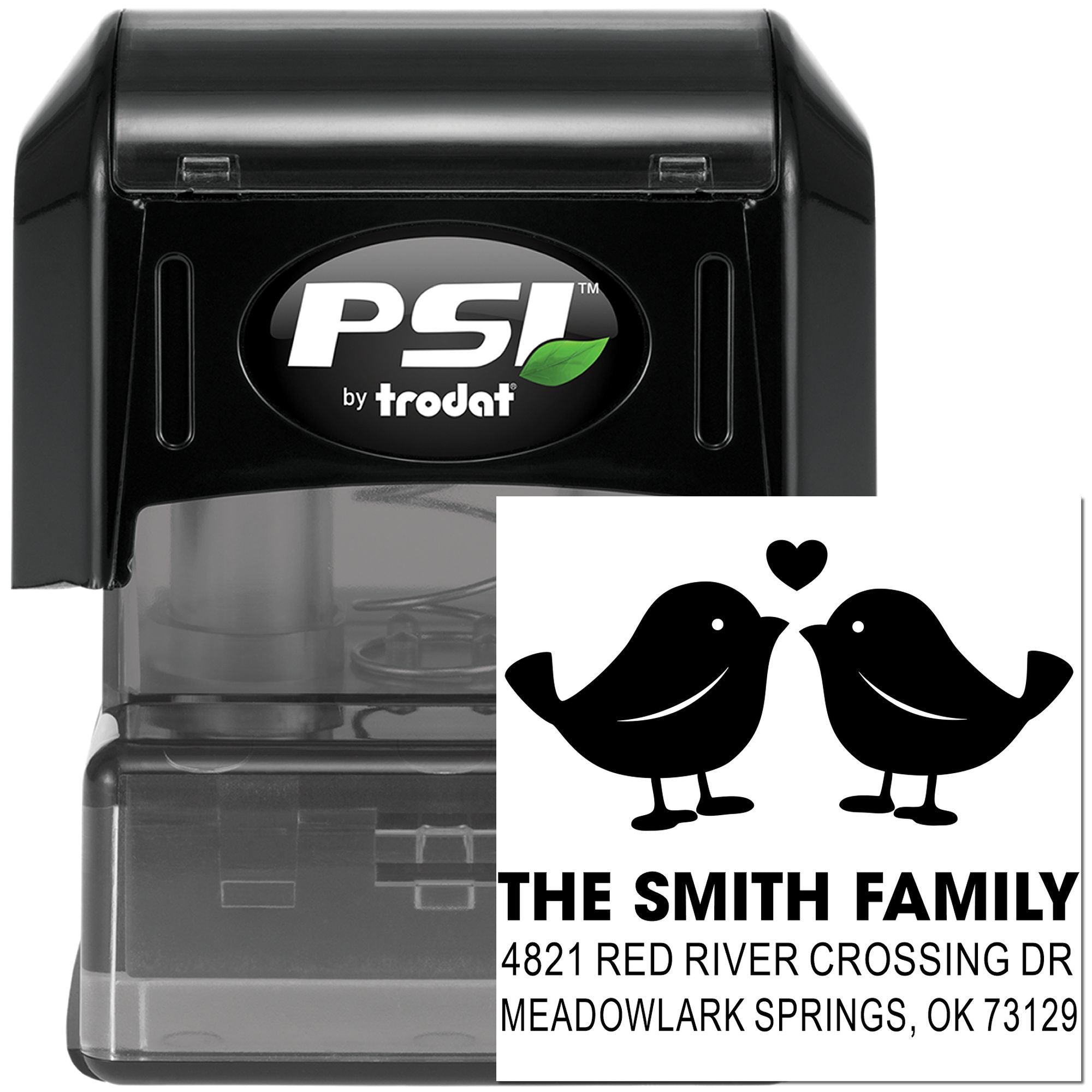 PSI by Trodat self-inking rubber stamp with custom return address, two birds and heart design, ideal for family mailings, wedding invites, and crafts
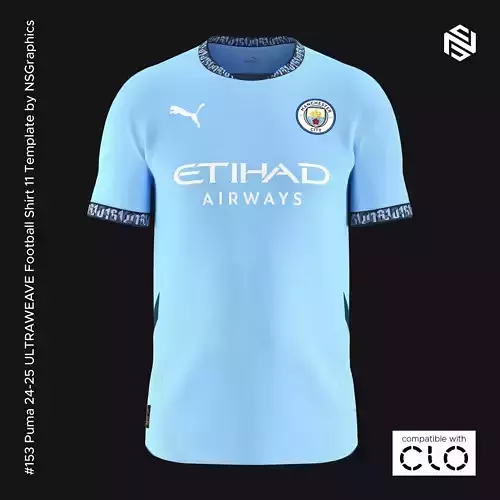 Puma 24-25 ULTRAWEAVE Football Shirt 11 Template for CLO 3D 3D model
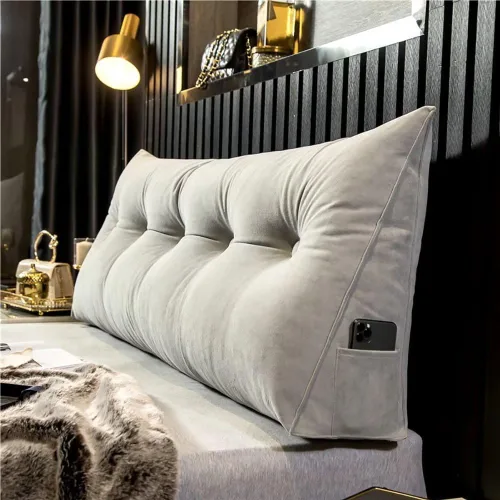Miniatura 8 de Almohada de cabecera tamaño Queen Almohada de cabecera Twin Triangle Almohada Cuña para Cabecero Cama Descanso Lectura Almohada Cenizas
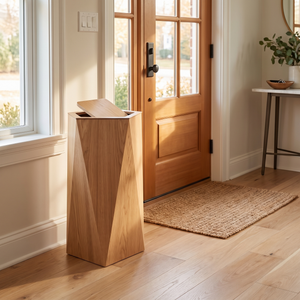 Wood-Grain Trash Can, Tapered Square Wastebasket with Flap Lid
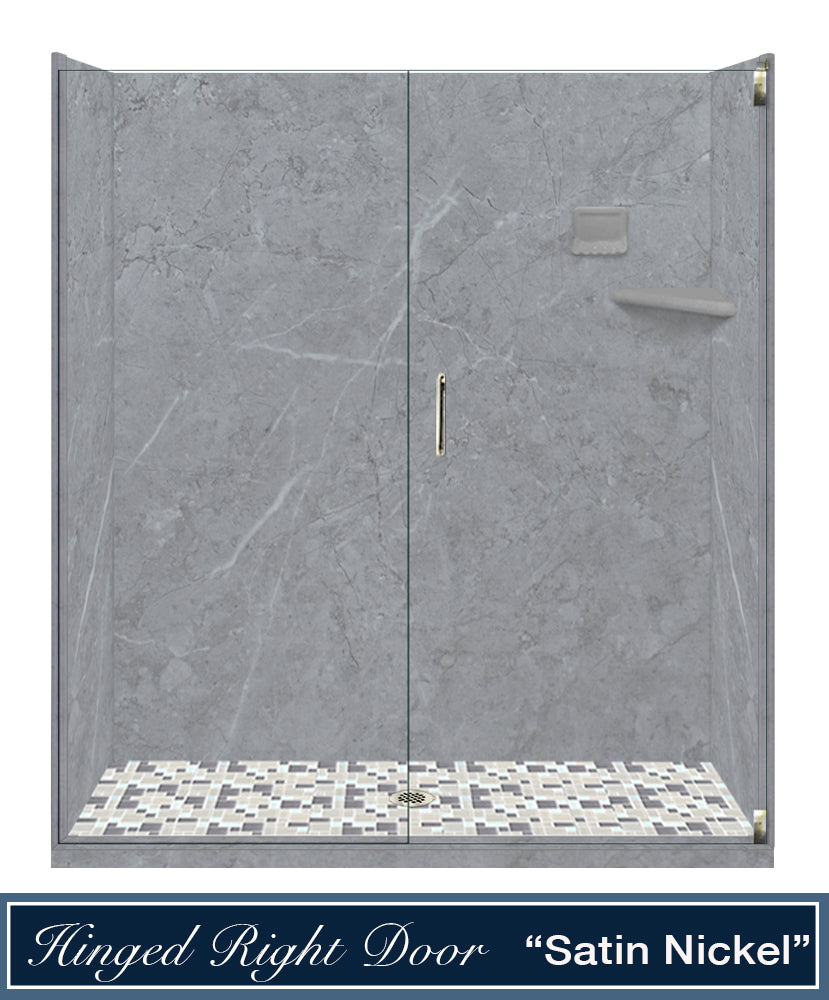 Grio Marble 60-Inch Alcove Shower Kit with 3 Accent Options - Waterproof Shower Pan & Wall Panels (Liner Optional) - Perfect for Bathroom Remodeling & Modern Home Upgrade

§ §

• Work to be completed: From the line holding "Wood-Grain Trash Can, Tapered" to the last line of the listing, please output each line exactly as it stands. Pictures stay out of the copy.

• Result:
 Wood-Grain Trash Can, Tapered Square Wastebasket with Flap Lid
 Grio Marble 60-Inch Alcove Shower Kit with 3 Accent Options - Waterproof Shower Pan & Wall Panels (Liner Optional) - Perfect for Bathroom Remodeling & Modern Home Upgrade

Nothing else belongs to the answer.